1

I'm attempting to scrape all the links contained in the boxes of this website. However, my mode doesn't return anything. What am I doing wrong? If I generally look for 'a' with href=True I don't get the links I'm looking for.

import requests
from bs4 import BeautifulSoup

url = 'https://www.nationalevacaturebank.nl/vacature/zoeken?query=&location=&distance=city&page=1&limit=100&sort=relevance&filters%5BcareerLevel%5D%5B%5D=Starter&filters%5BeducationLevel%5D%5B%5D=MBO'
page = requests.get(url)  
soup = BeautifulSoup(page.content, 'lxml')

ahrefs = soup.find_all('a', {'class': "article-link" , 'href': True})
for a in ahrefs:
    print(a.text)
Bertrand Martel
  • 42,756
  • 16
  • 135
  • 159
Lunalight
  • 157
  • 2
  • 15
  • What exactly do you want to select? `True` is not valid value of hyper-reference attribute. Also note that `href` is mandatory attribute of link (without `@href` link is just a string), so there is no need to *select link only if it has `href` attribute* (if you mean that) – Andersson Nov 07 '18 at 15:18
  • @Andersson Even if I omit the href (because a string would also be fine), I don't get anything. I would like all the urls in the blocks. The Xpath is `//*[@id="search-results-container"]/div/div[1]/div[10]/article/job/a` and CSS selector `#search-results-container > div > div.search-items.ng-scope > div:nth-child(2) > article > job > a`(don't know if that information helps) – Lunalight Nov 07 '18 at 15:22
  • You can't use BeautifulSoup here (dynamic content) ..but you could parse this json: https://www.nationalevacaturebank.nl/vacature/zoeken.json?query=&location=&distance=city&page=1&limit=100&sort=date&filters[careerLevel][]=Starter&filters[educationLevel][]=MBO – t.m.adam Nov 07 '18 at 15:31
  • @t.m.adam why not?
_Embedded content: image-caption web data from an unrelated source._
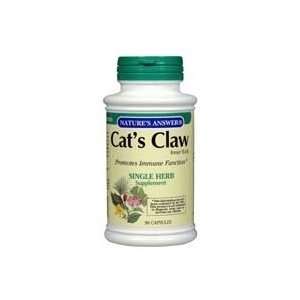  Natures Answer Cats Claw Inner Bark 90 Capsules: Health 
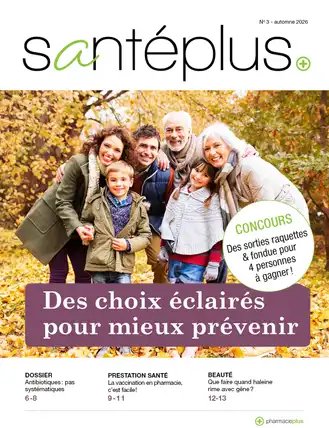 Votre magazine santéplus, édition de septembre 2026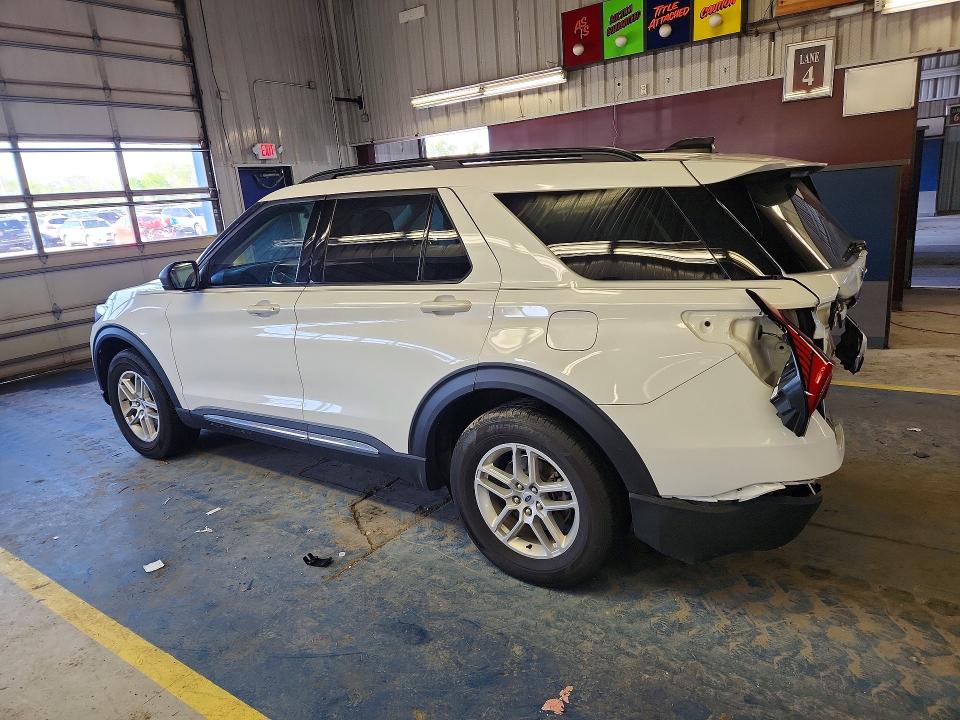 2025 Ford Explorer მანქანა იყიდება აუქციონზე, vin: 1FMUK8DH9SGA08159, აუქციონის ნომერი: 52299896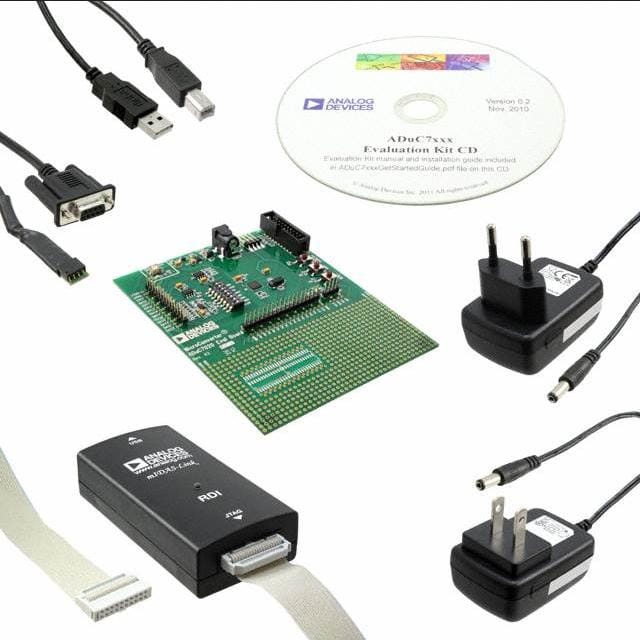 Analog Devices Inc. EVAL-ADUC7020QSPZ-ND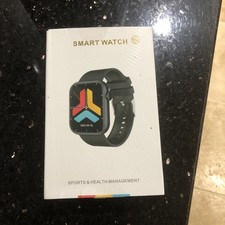 Beige Smart Watch Sports And Health Management, , Unisex, Smart Design, New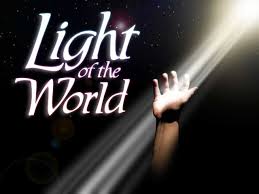 The light of the world.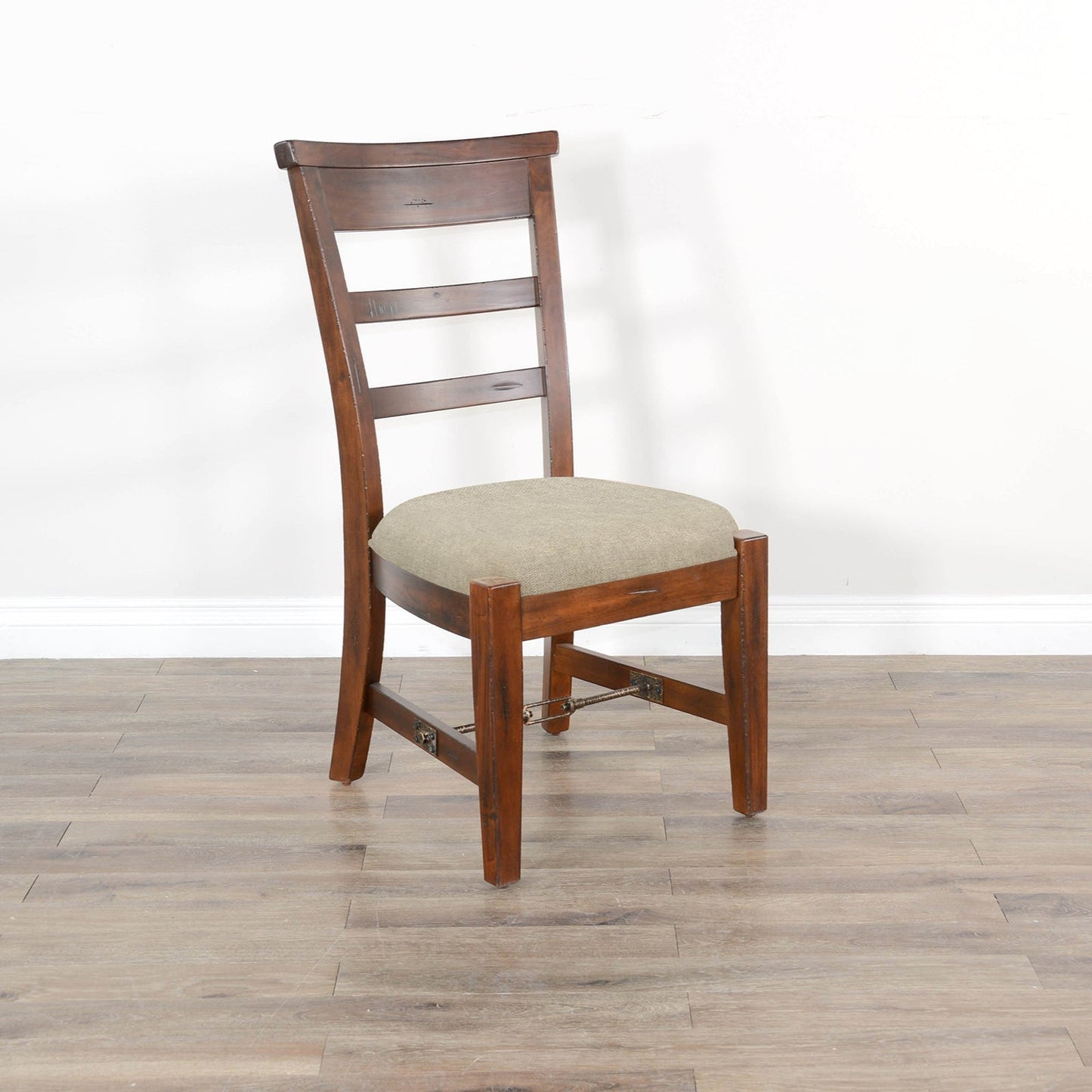 Marina Fabric Armless Dining Chair 2PC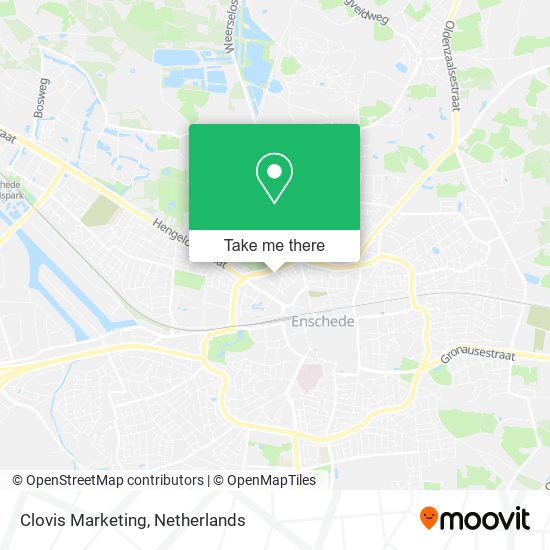 Clovis Marketing map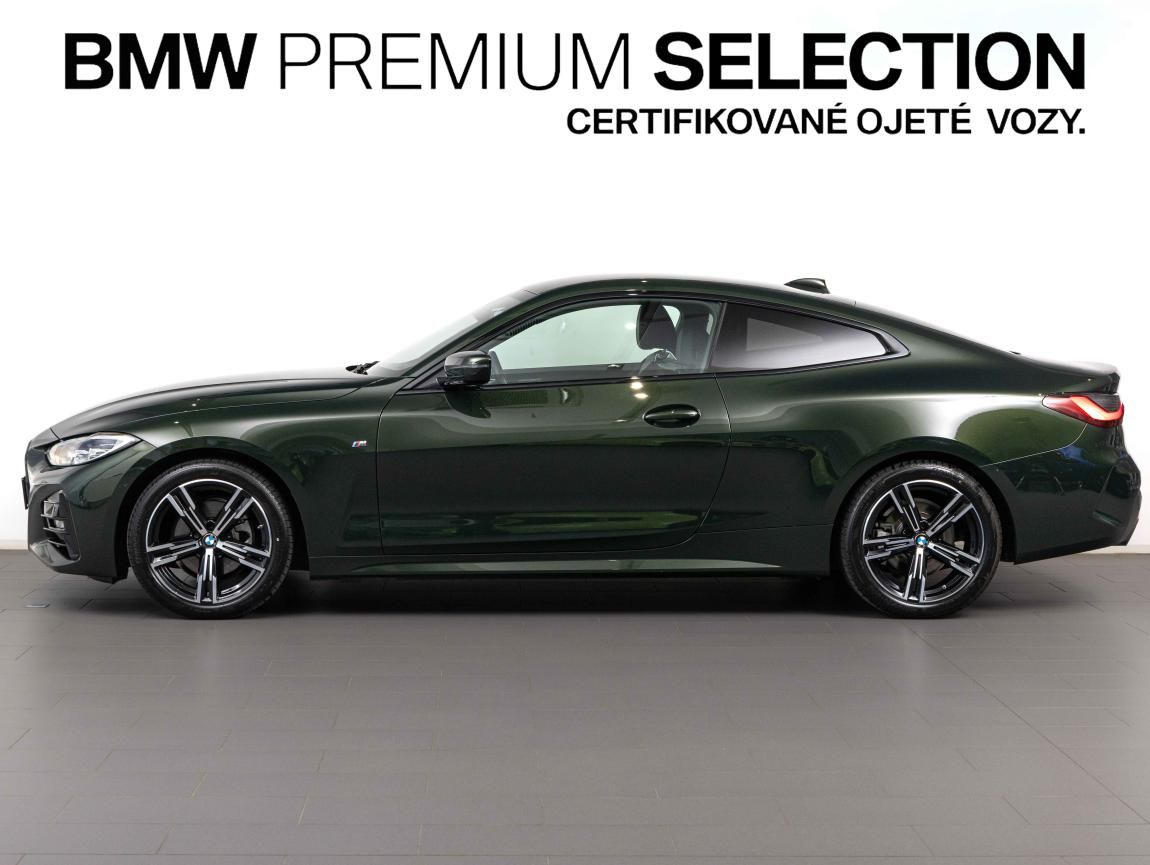 BMW Řada 4, 420i Coupé Coupé - fotka 3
I want to scrape several pages so I don't think I want to make jsons all the time. – Lunalight Nov 07 '18 at 15:34
  • As I said the content is dynamic, so you can't get it with requests and BequtifulSoup. You could use Selenium, but even then you wouldn't have to use BeautifulSoup, as Selenium has its own selectors. – t.m.adam Nov 07 '18 at 15:37
  • I'm running my code in another program that uses the python API. The code I wrote in Selenium stopped working, every url returns that the page doesn't exist (it does in the browser) – Lunalight Nov 07 '18 at 15:40
  • @Andersson Yes, 'a' tags would usually have a 'href' attribute, but that's not guaranteed (see https://stackoverflow.com/questions/10510191/valid-to-use-a-anchor-tag-without-href-attribute for example). I think It doesn't hurt to check if links have a 'href', although in most cases that would be redundant. – t.m.adam Nov 07 '18 at 15:58
  • @Lunalight The two URLs are almost identical, the only difference I can see is the 'json' parameter. You could just use the orifinal URL and replace '/vacature/zoeken' with '/vacature/zoeken.json'. – t.m.adam Nov 07 '18 at 16:03
  • @t.m.adam , I didn't mean that link without `@href` is *invalid node*, it's just make no sense for me to set `href` for just partial number of links of the same class. So it looks like OP faced with the X-Y problem – Andersson Nov 07 '18 at 16:13
  • @Lunalight , what do you mean by *"The code I wrote in Selenium stopped working, every url returns that the page doesn't exist"*? What is your current output? – Andersson Nov 07 '18 at 16:14
  • @Andersson Yes, that's possible; I see what you mean now. – t.m.adam Nov 07 '18 at 16:20
  • @Andersson I checked with requests and it looks like the website is blocking me through the software I use to run the script in (requests got a 404). It still works with jupyter notebook though. – Lunalight Nov 08 '18 at 09:34
  • @Lunalight 404 status usually means that required resource is not found, but yeah sometimes it might also mean that resource does exist, but server doesn't want you to know about its existence... I'm not sure what *"still works with jupyter notebook"* means as obviously required content is dynamic and cannot be scraped from shared link... Did you try Bertrand Martel answer or Selenium solution with ExplicitWait implemented? – Andersson Nov 08 '18 at 09:44
  • @Andersson The selenium scraper where I get all the links works in Jupyter but not in Alteryx (the software I use to run my code and use the results for further processing). I first thought the problem was with Selenium but since I got a 404 with requests in Alteryx I think the website server doesn't want me to know the site exists or something. – Lunalight Nov 08 '18 at 10:25

1 Answers1

2

This is an angular websites which loads its content dynamically from an external Json API. The api is located here : https://www.nationalevacaturebank.nl/vacature/zoeken.json and needs a cookie to be set. The following will format the links you wanted to extract :

import requests

r = requests.get(
    'https://www.nationalevacaturebank.nl/vacature/zoeken.json',
    params = {
        'query': '',
        'location': '',
        'distance': 'city',
        'page': '1,110',
        'limit': 100,
        'sort': 'date',
        'filters[careerLevel][]': 'Starter',
        'filters[educationLevel][]': 'MBO'
    },
    headers = {
        'Cookie': 'policy=accepted'
    }
)

links = [
    "/vacature/{}/reisspecialist".format(t["id"])
    for t in r.json()['result']['jobs']
]

print(links)

The Json result also gives you all card metadata embedded in this page

Bertrand Martel
  • 42,756
  • 16
  • 135
  • 159